• WHAT YOU SHOULD DO
Your reply should reproduce all the data below exactly while excluding the pictures.

• DATASET EXTRACT
•••••
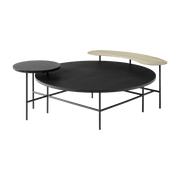 Table basse noire JH25 Palette - &tradition - The Cool Republic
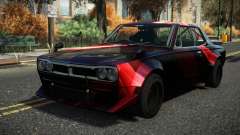 Nissan 2000GT Hopres S10 для GTA 4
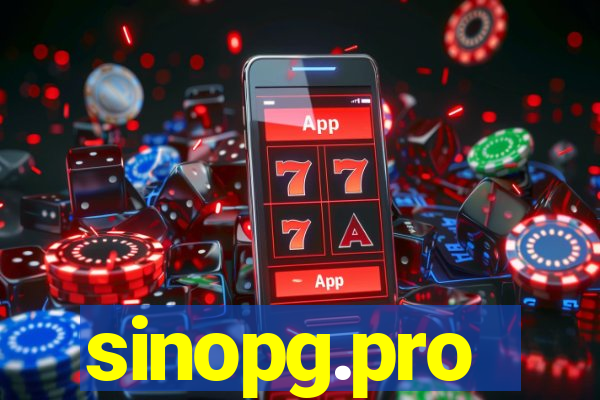 sinopg.pro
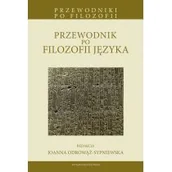 Filozofia i socjologia - WAM Przewodnik po filozofi języka - WAM - miniaturka - grafika 1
•••••
• WORKED SOLUTION
 Table basse noire JH25 Palette - &tradition - The Cool Republic
 Nissan 2000GT Hopres S10 для GTA 4
 sinopg.pro
 Filozofia i socjologia - WAM Przewodnik po filozofi języka - WAM - miniaturka - grafika 1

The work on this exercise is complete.